Cartoon of man with hands raised in air and money bags floating among the clouds. Accompanied by title, How To Set Your Life Coaching Fees!

One of the most common questions you are going to be asked by prospective clients is "What does your coaching cost?

It's a question many new coaches have trouble answering confidently and congruently because they are not sure how much to charge for their coaching.

Maybe they question  their value, or what is right for their target market or even how much they need to earn from coaching to as a viable career.

Working out your what to charge will depend to a great extent on your experience, what other skills you bring to coaching, how you market yourself and the niche and/or demographic you work within.  

7 Basic factors that can determine the life coaching fees you can charge

  1. How you deliver your coaching programs; i.e.  face to face, or online/phone.
  2. The length of the sessions.
  3. Whether you offer group or personal sessions.
  4. The niche or demographic you target and what they can afford or are prepared to pay.
  5. Your experience, background, credentials and certification level.
  6. Your location and your client's location both nationally and internationally.
  7. Your personal expenses and overheads.

Know your personal expenses:

Of course you may not be able to cover all your expenses and make a profit with your life coaching fees when you first start coaching, but it's important to know what you need to aim for if your coaching is to be financially viable as a living.

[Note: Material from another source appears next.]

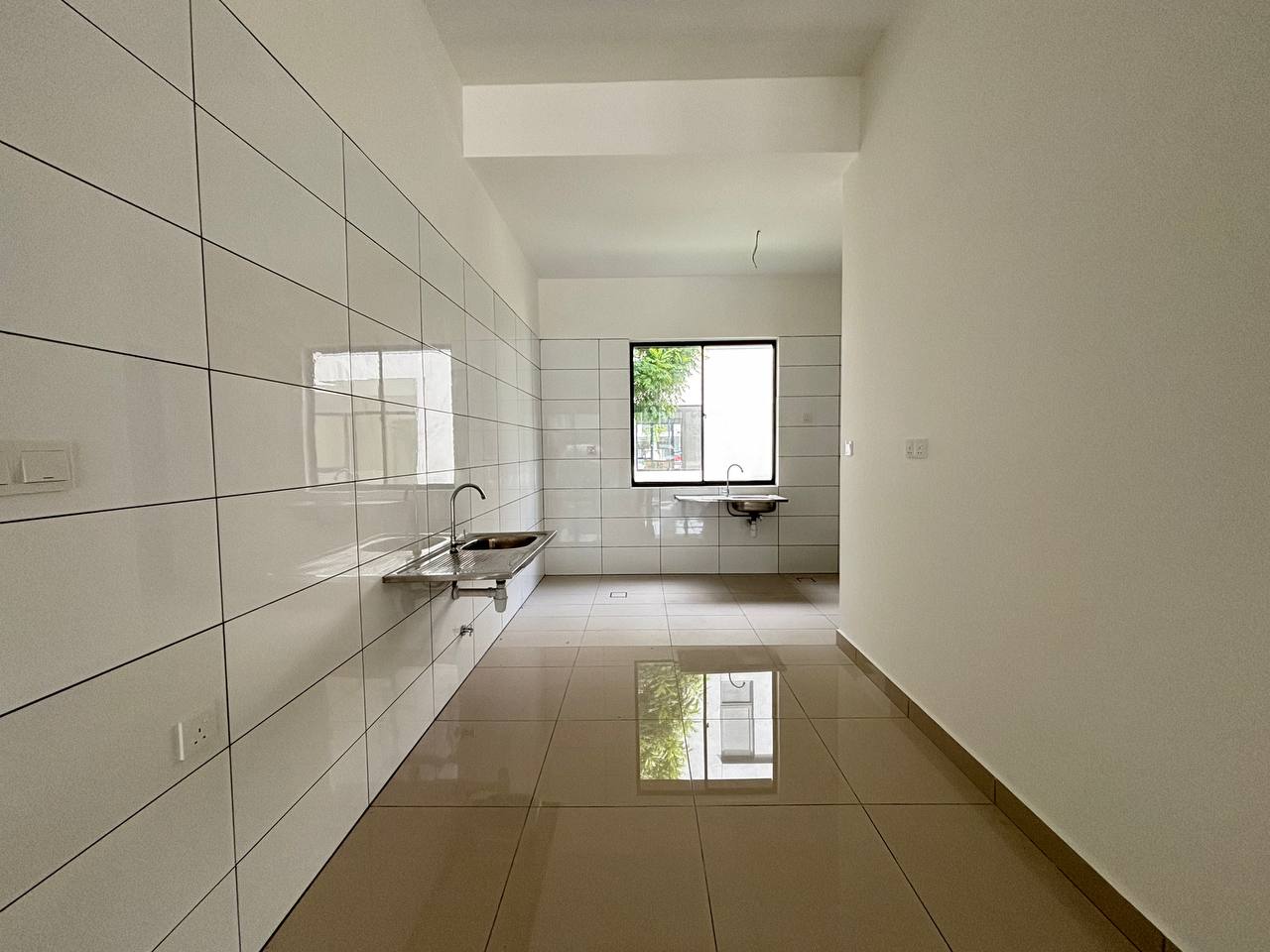 Brand New 2 Storey Superlink LUXURA link Villas - photo 9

If you are not sure of your expenses, I suggest keeping a simple spread sheet of what you spend for a month or two. (You may get a fright 😀). It's also a good idea to include a ballpark figures of what marketing expenses you want to budget for. 

These will include, depending on your choices, items like business cards, website hosting, advertising, networking events, ongoing trainings, association memberships and so on.  

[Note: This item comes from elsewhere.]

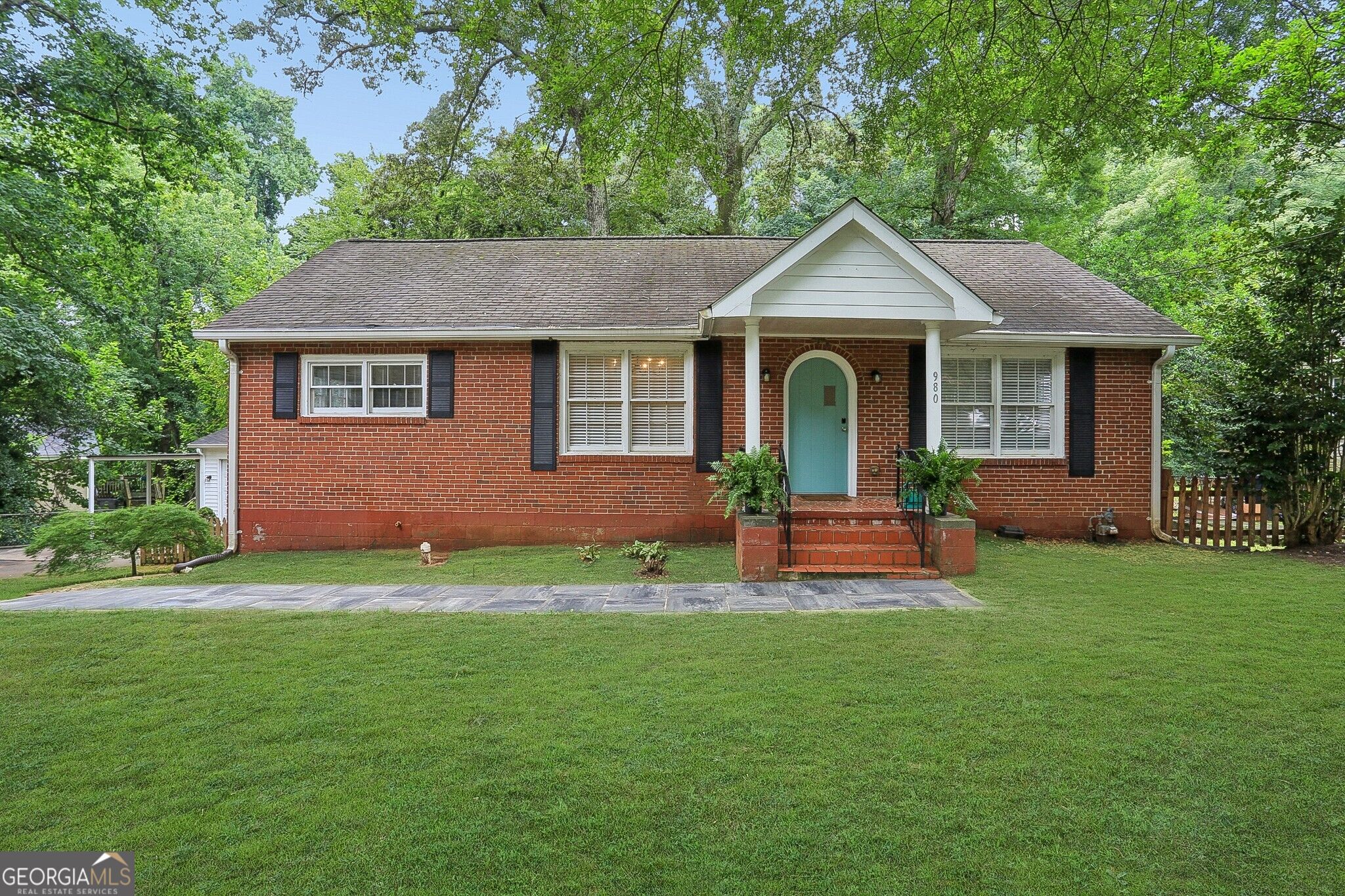 980 Brookdale Drive Property Photo 1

With the increased popularity of coaching online using platforms such as Zoom or Skype, even phone, some coaches are choosing to charge a loading if the client wants physical face-to-face coaching. This compensates for time and travel considerations for both the coach and the client. Of course, this could also be marketed to clients as a discount for coaching online rather than extra for face-to-face.

4 Common Traps In Setting Life Coaching Rates

These are common traps that new coaches can fall into when setting their life coaching rates.

1. Avoid the fee comparison trap 

There will always be a coach who charges more or less than you do, so don't fall into the trap of making comparisons and thinking "I should be charging more/less".

Some may set their life coaching rates at as little as $USD50 an hour for 1 on 1 coaching while some executive and celebrity coaches can achieve $USD1500+ a session or more. 

Comparing will only cause you stress. The chances are there is little real comparison with your offering. You really won't know what criterion they have used to justify their life coaching fee or if, in fact, their fee is justified at all! 

High fees are not always a guarantee of better coaching

or low fees an indication of poor coaching.

However, the more your skills develop, the more your reputation grows and the harder it is to book to be coached by you, the more you can charge!

2. How you set life coaching fee may depend on your background 

Many coaching schools recommend you start practicing pro bono as part of your training. (Pro Bono is a latin phrase that is commonly used to describe professional work that is done for free or as a volunteer.) 

If you come from a related discipline such as psychology or counselling, where you have simply incorporated coaching qualifications and techniques to your offering, you may have no problem charging your exisiting full fee straight away.  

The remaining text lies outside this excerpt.